Medicaid is a state/federal partnership started in 1965 to offer health insurance and long term care-related services to the poor. Over the years, Medicaid has partnered with states like Illinois to expand services to other people with special needs.

States must write a state Medicaid plan and submit it to the federal government for review. The Federal Centers on Medicaid and Medicare is the agency that approves these plans. When a state’s plan is approved, the federal government shares in the cost of services for eligible populations. In Illinois, it is a 50/50 split, and administrative costs are reimbursed at 90/10.

In 1972, Congress authorized the ICF/MR (in Illinois, ICF/DD) program. ICF is an acronym for “intermediate care facility” and is a 24-hour specialized nursing home and institution, regardless of size, as defined by statute and regulation. They are medically based facilities that provide individuals with “active treatment” as defined in federal regulation to differentiate the ICF from a skilled nursing facility. For individuals who are certified eligible on an annual basis, a plan is implemented based on his/her individual goals. The goal is to have the individuals receive these developmental services as long as they are determined to be needed.

The funds are available to the provider and the facility. They are not portable, and do not follow the person when they leave or are discharged. The choice the individual has is whether they chose to be admitted.  In 1981, the Home and Community-Based Services (HCBS) Medicaid waiver was authorized. This program allows the Secretary of the U.S. Department of Health and Human Services (DHHS) to “waive” some Medicaid requirements. States can choose what populations can be covered, as well as the number of services. States also have the discretion to choose the number of participants in the HCBS program.

The federal government through the Secretary of DHHS has the authority to respond to a state’s request to waive the Medicaid institutional rules for the otherwise eligible institutional populations and to develop a menu of home and community based services. In essence, an eligible individual does not have to meet the criteria for institutional care to develop flexible community supports. This offers huge promise and potential as Illinois seeks to rewrite its current Waiver to move it to a self-determined, money following the person approach.

HCBS costs cannot exceed those of individuals who would otherwise reside in institutional settings. Since 1982, each year, nationally, the number of individuals in the waiver has increased.

It is also interesting to note that individuals in the waiver programs, in many cases, have disabilities similar to those in ICF/DD.

The greatest difference between the waiver and ICF-DD lies in choice and flexibility offered to the individual and his/her family.

Unlike ICF/DD, the money follows the person and is flexible. This allows maximum choice and control over who provides one’s services and the type offered.
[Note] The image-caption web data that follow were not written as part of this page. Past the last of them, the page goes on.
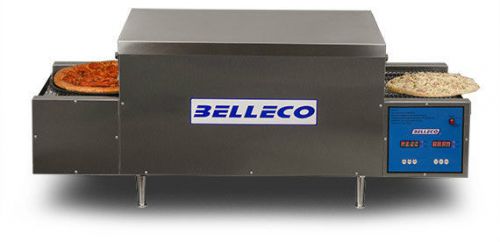 The 18-inch Conveyor Pizza Oven by Belleco (MGD-18)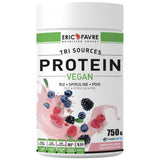 Πρωτεΐνη vegan | Τρίτες πηγές - 750 γραμμάρια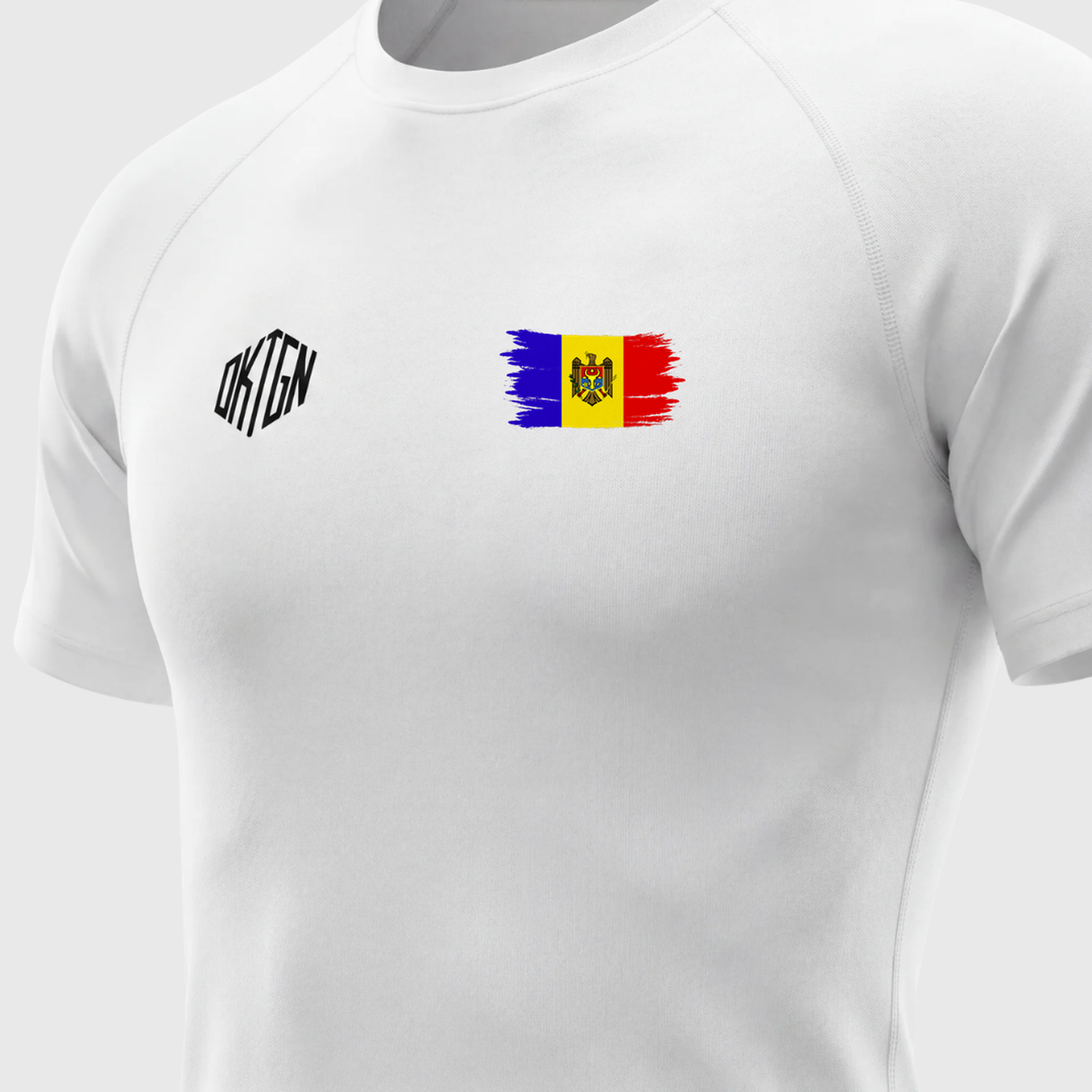 OKTGN Elite V2 – Rashguard Moldavie
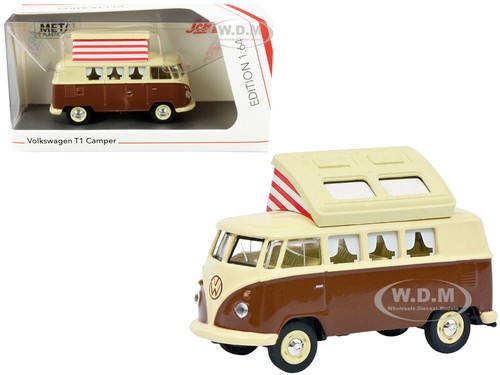 Volkswagen camper bus - t1,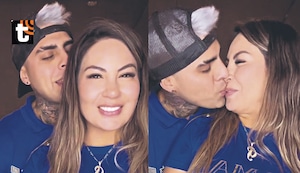 Pamela López templada de salsero Paul Michael: ¿Si estoy enamorada? Lo que se ve no se pregunta”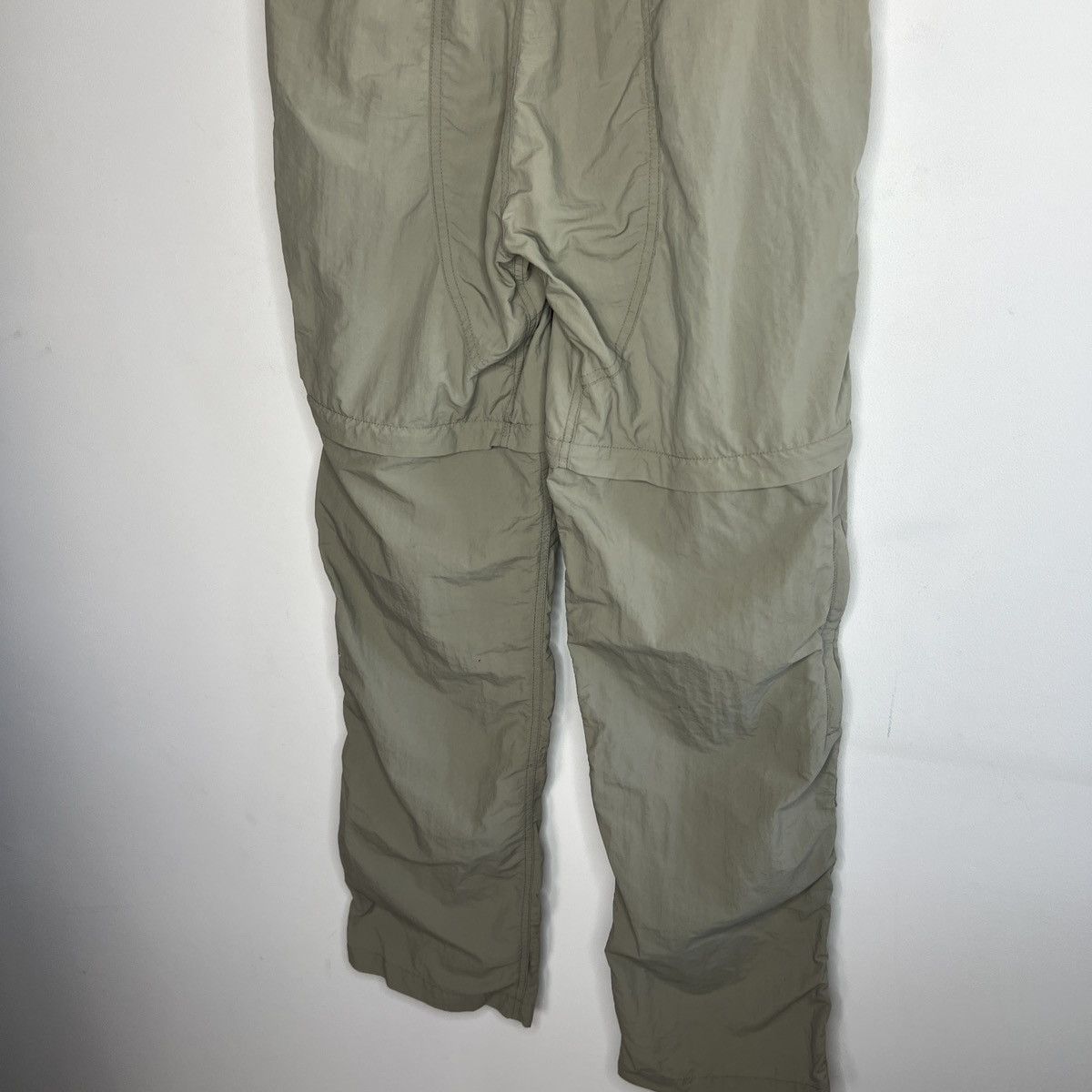 The North Face × Vintage The North Face TNF Vintage Transformers Cargo Pants Shorts Size US 32 / EU 48 - 8 Thumbnail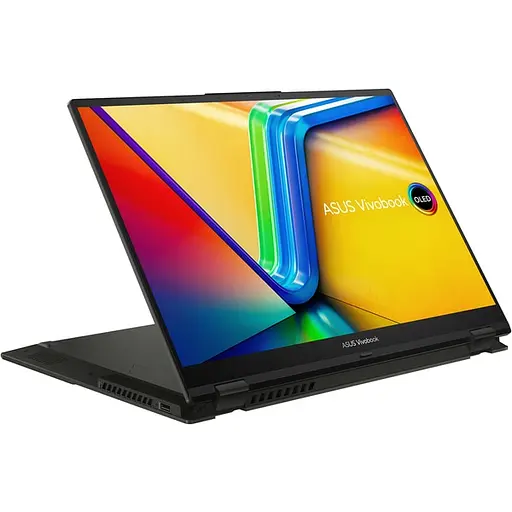 Ноутбук 2 в 1 Asus Vivobook S 16 Flip OLED TP3604VA-MY139W, Intel Core i9-13900H, 5.4GHz, 16 3.2K Touch, 120 Hz, 16GB, SSD 1TB, Intel Iris Xe Graphics, Windows 1 - фото 4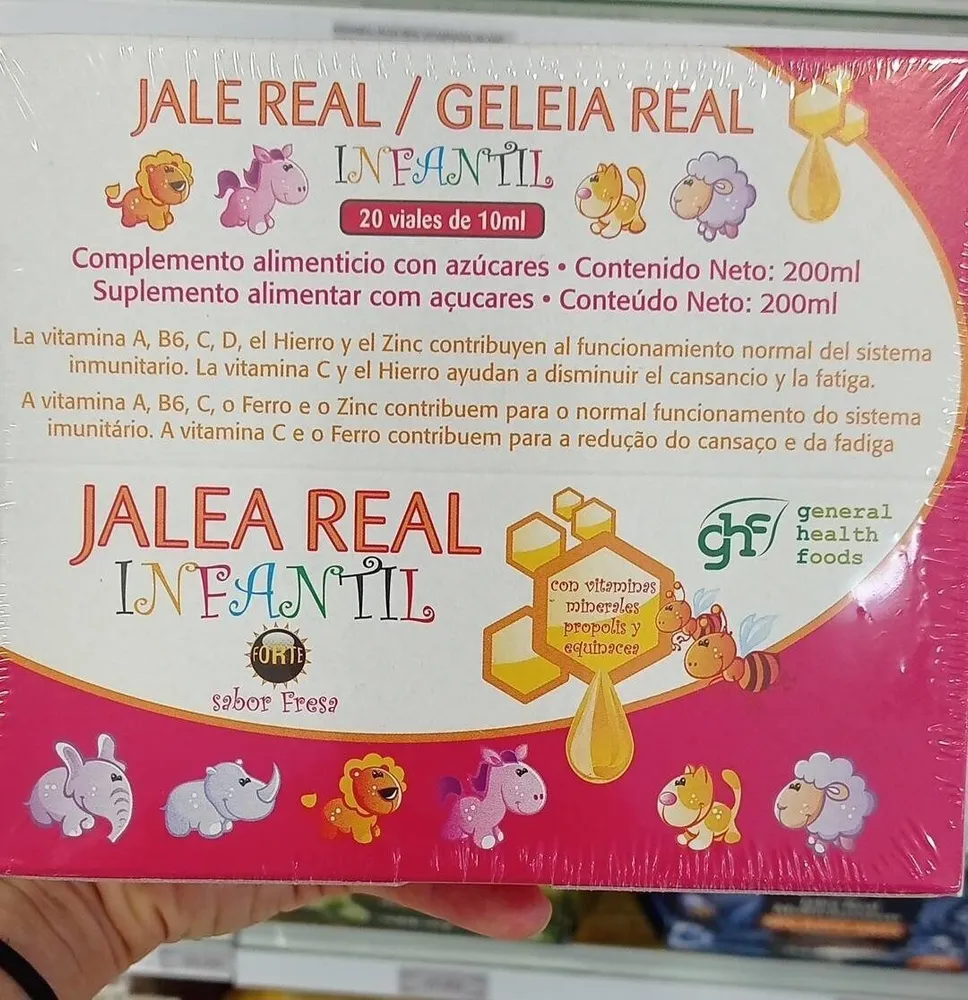 Jalea Real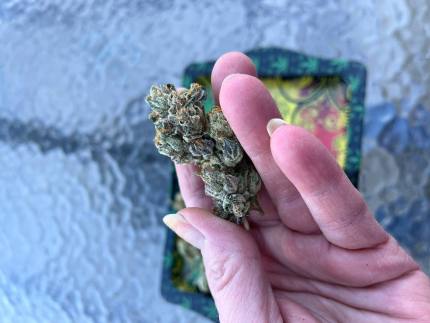 OG Crasher (oz to lb)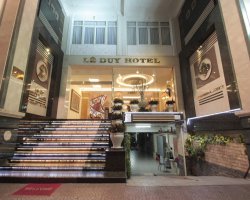LE DUY SAI GON HOTEL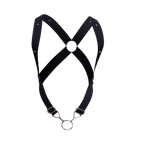 Dngeon Crossback Harness - Black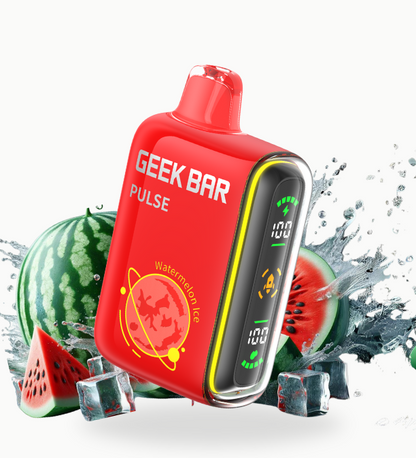 Geek Bar Pulse 15K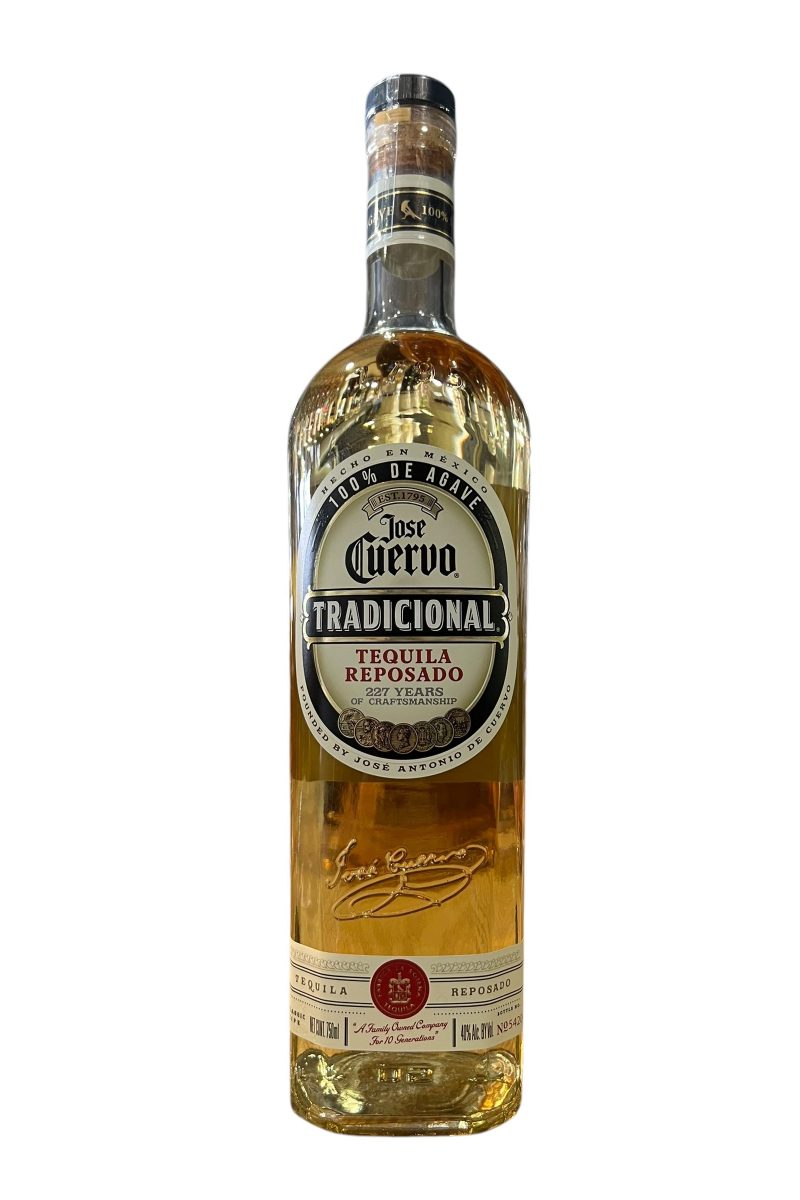 Jose Cuervo Tradicional Reposado
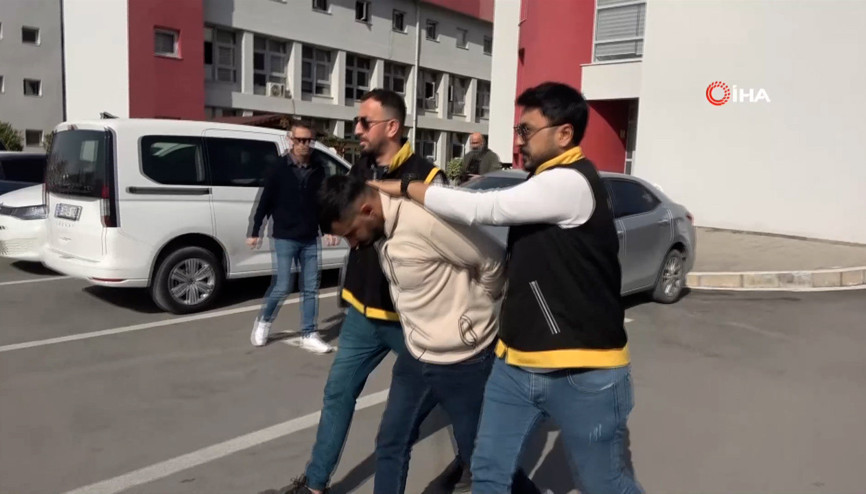 Taksici 3 bin TL için arkadaşını infaz etmiş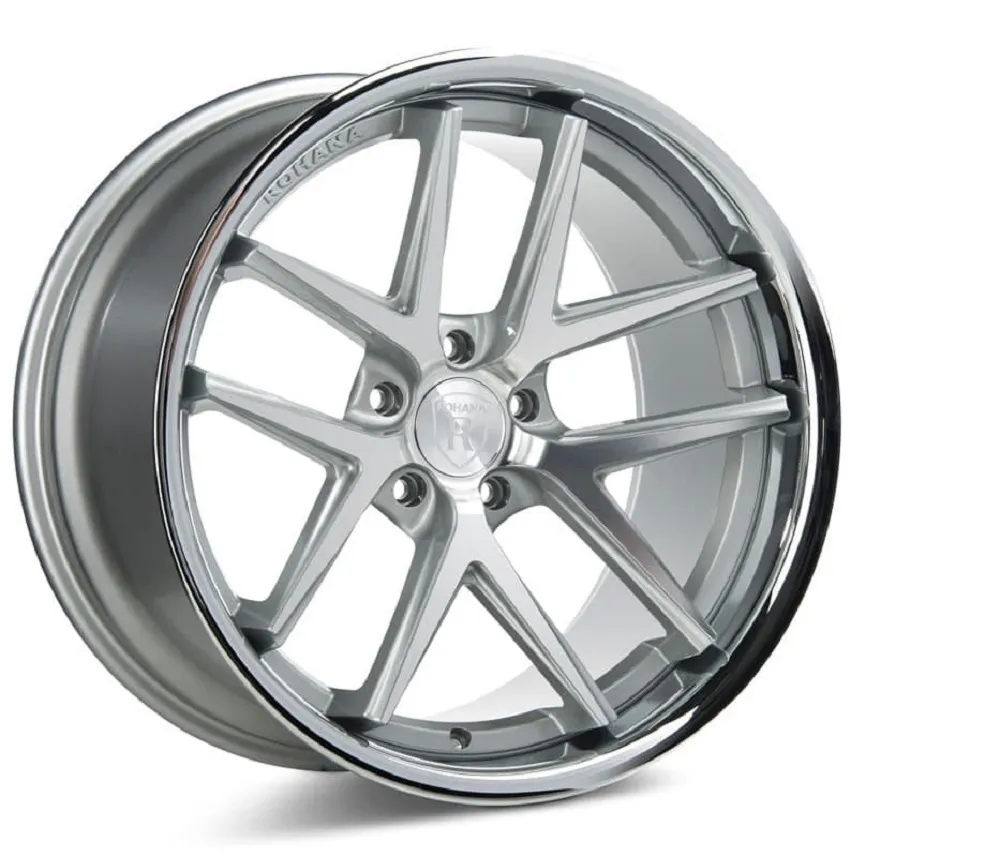 Rohana RС9 forged  wheels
Waivers are written in five-year cycles. Illinois’ next waiver is due for renewal by June 30, 2012.

Summary

Illinois has a tremendous opportunity to help transform its service delivery system because of the rewrite of the Medicaid Waiver. We believe that the Waiver is not only a funding mechanism but also should be about vision, values, and policy. We stand ready to provide technical assistant, support, and advocacy to assist in this effort.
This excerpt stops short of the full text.